En outre, le déséquilibre de notre modèle de développement est reflété aussi dans les inégalités territoriales, avec 50% de la richesse nationale créée par les deux seules régions côtières, Casablanca-Settat et Rabat-Salé-Kenitra. A cela s’ajoute les inégalités sociales qui n’ont cessé de s’accroître du fait que la croissance économique était beaucoup plus intensive en capital qu’en travail, ce qui a creusé les écarts entre les revenus des ménages en délaissant presque 3 millions de personnes dans une situation de pauvreté multidimensionnelle. C’est-à-dire des personnes identifiées comme privés d’éducation, de santé, d’accès aux services sociaux de base ou de logement. Une situation qui affecte davantage le milieu rural qui abrite 85% des personnes multidimensionnellement pauvres, ce qui reflète la persistance des inégalités entre le milieu rural et le milieu urbain.

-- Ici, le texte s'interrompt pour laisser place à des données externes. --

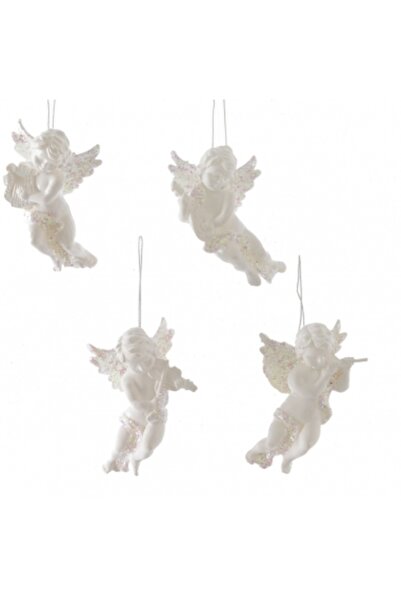 Decoratiuni Dulci Decoratiune Craciun ingeras alb cu sclipici iridiscent, pan...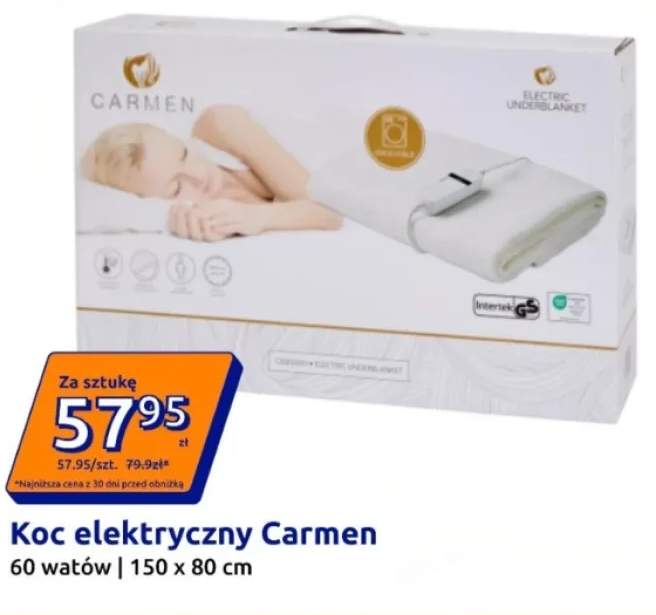 Koc elektryczny Carmen 150x80 cm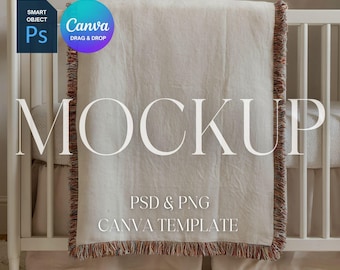 Mockup di coperta tessuta per neonati, Mockup di coperta tessuta per bambini, Mockup di coperta tessuta per cameretta, Oggetto avanzato di Photoshop PSD, Canva Drag & Drop PNG
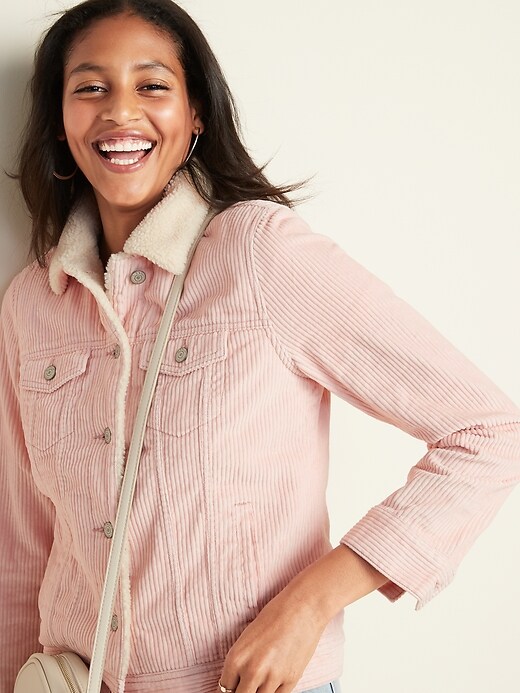 Image number 4 showing, Sherpa-Lined Corduroy Jacket for Women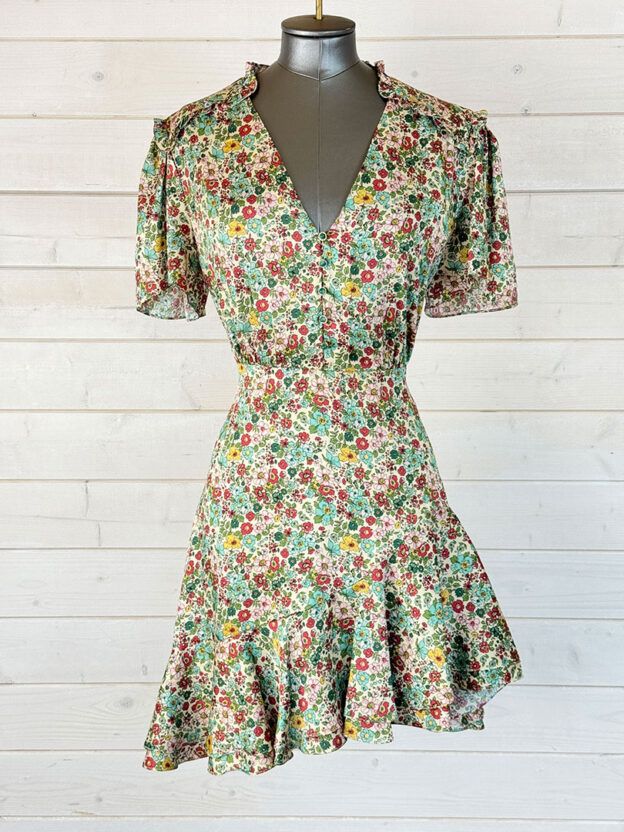 Sandro Multicoloured Floral Mini Dress Size 38 (UK 10)
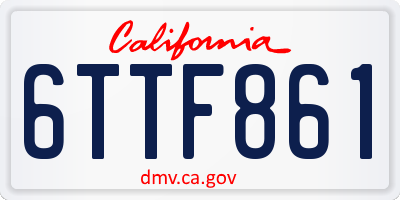 CA license plate 6TTF861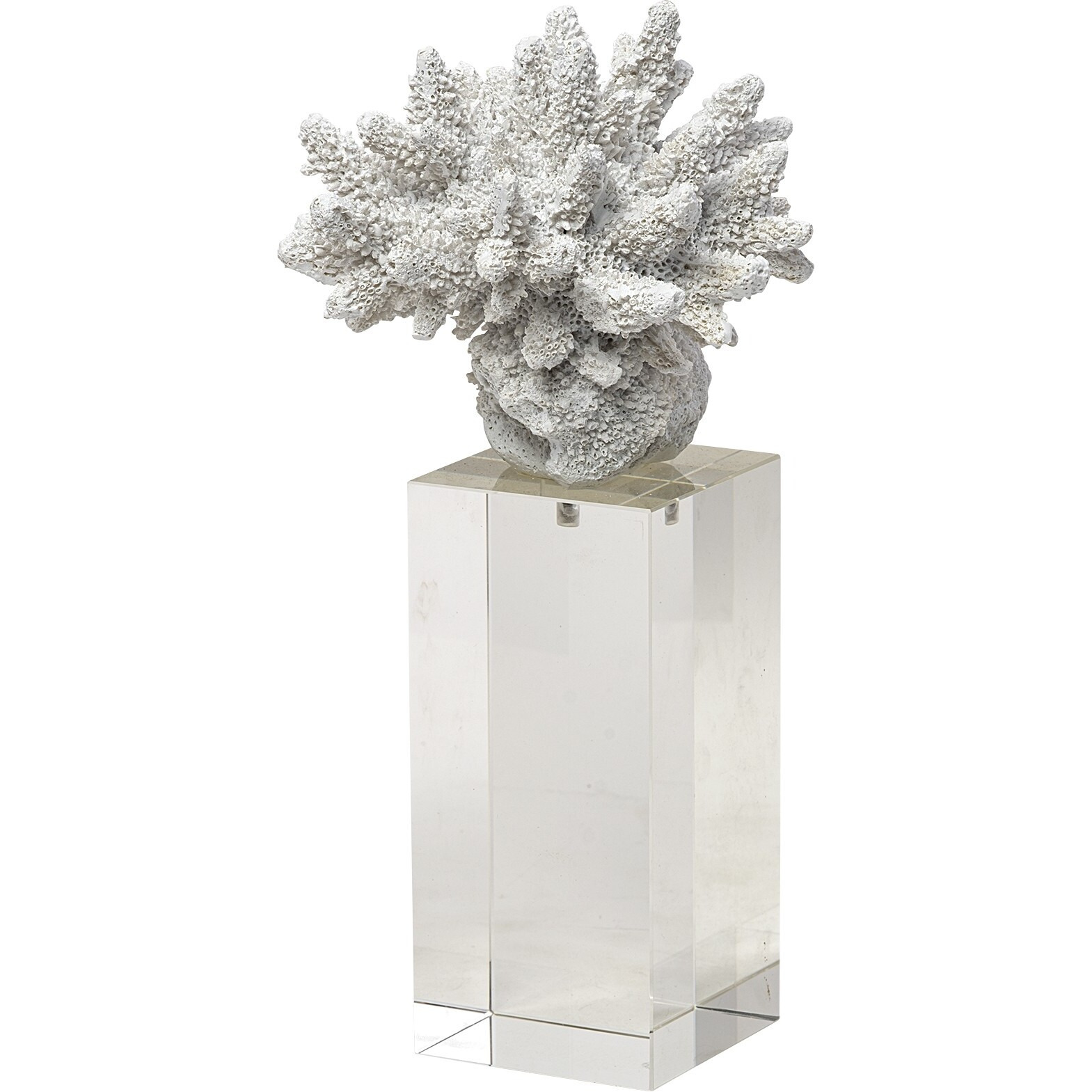 10"" White Contempo Coral And Glass Sculpture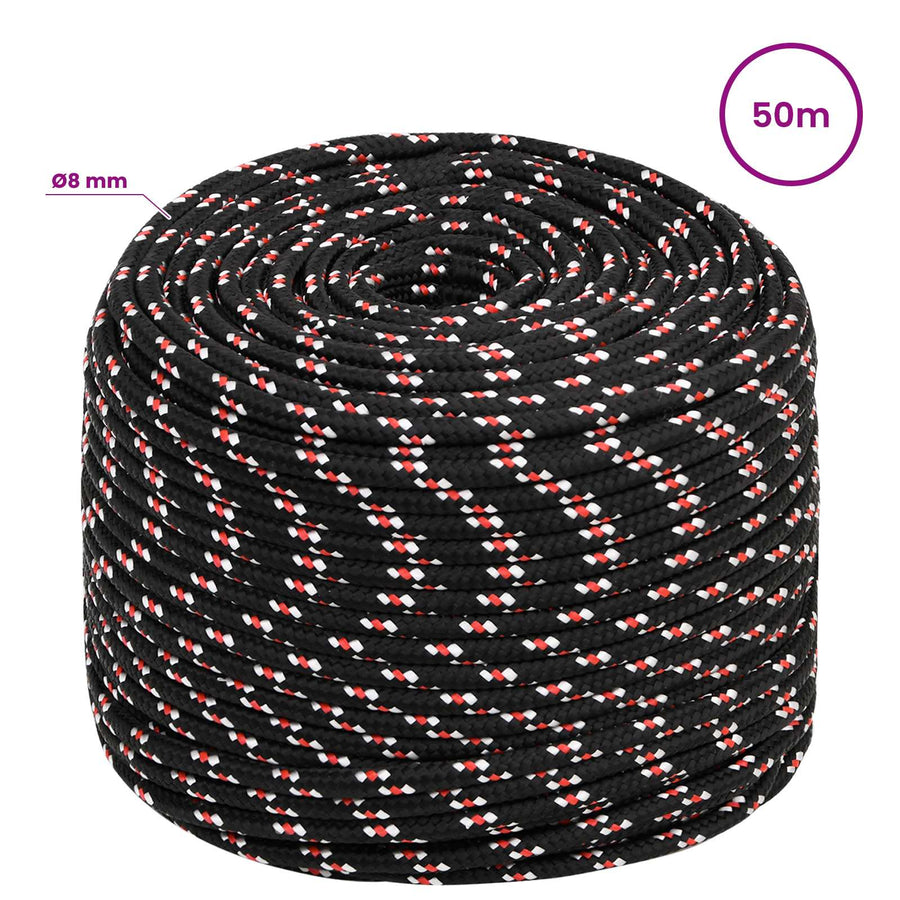 Multipurpose Utility Rope 8 mm 50 m Black and Red PP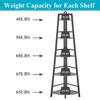BON AUGURE Rustic Tall Corner Bookshelf, 5 Tier Wood and Black Metal Corner Ladder Shelf, Industrial Corner Bookcase and Gray Corner Shelf for Living Room, Bathroom, Kitchen (Dark Gray Oak) view 4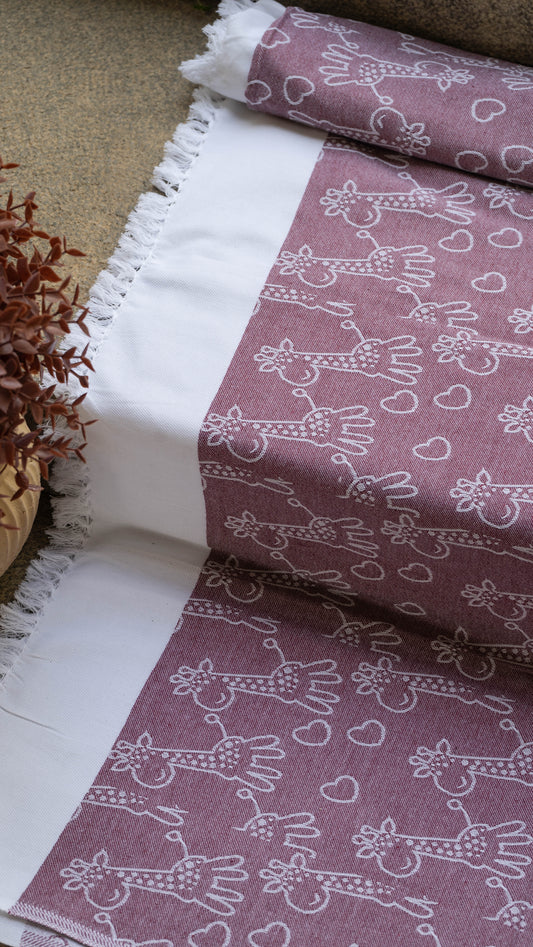 Animal Print Lovely Chennimalai Bed Sheet - Red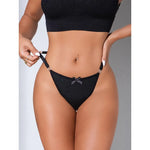 1pcs Low-Rise Sexy Women G-string Solid Bow Decor Elegant Women's Underwear Sexy Lingerie Comfortable Breathable Lady Thongs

Ecoactu.ma : Quels sont les prérequis pour aboutir à un modèle de développement adapté aux nouveaux besoins du Maroc ?
Ayache Khellaf : La situation de notre développement économique et social aujourd’hui plaide pour une nouvelle gestion de ce processus de développement à travers des politiques publiques cohérentes pour éliminer les distorsions qui ont été créées lorsque ces politiques étaient mal planifiées. Notre pays a besoin de créer plus de richesses nationales, de revenus pour la population et d’opportunités d’emplois pour le capital humain accumulé, en particulier pour les jeunes. Ces objectifs ne peuvent être atteints, à notre avis, sans baser d’abord la gestion de l’économie nationale sur des politiques macroéconomiques saines et bien mesurées, car ce sont ces politiques qui impactent l’économie au jour le jour. En effet, la gestion macroéconomique de notre pays devrait être revue pour dépasser le seul souci de maintien des équilibres financiers interne et externe ainsi que de maintien d’une inflation faible. Un tel cadre de gestion de l’économie a déjà montré ses limites en faisant plus de mal à l’économie que du bien.
Par ailleurs, notre économie a besoin d’aller vers une transformation profonde de ses structures productives nationales pour valoriser les investissements réalisés dans les infrastructures économiques et développer de nouveaux secteurs créateurs de plus de valeur ajoutée et d’opportunités d’emploi à l’échelle nationale et territoriale. Nous croyons qu’une implication de l’Etat dans l’investissement productif s’impose aujourd’hui comme c’était le cas dans tous les pays qui ont réussi leur processus de développement. Un Etat qui est proactif et entrepreneurial, capable de prendre des risques et qui devrait agir comme investisseur principal, en tant que producteur et pas seulement un facilitateur des affaires économiques, comme recommandé par les institutions financières internationales. En effet, si l’industrialisation est le principal moyen par lequel les pays transforment leurs économies, c’est à l’Etat que revient la charge principale dans ce processus et pas les entreprises étrangères. Cependant, ceci ne peut réussir sans une amélioration de la gouvernance publique pour lutter contre la corruption à travers la reddition des comptes et la punition des mauvais exemples.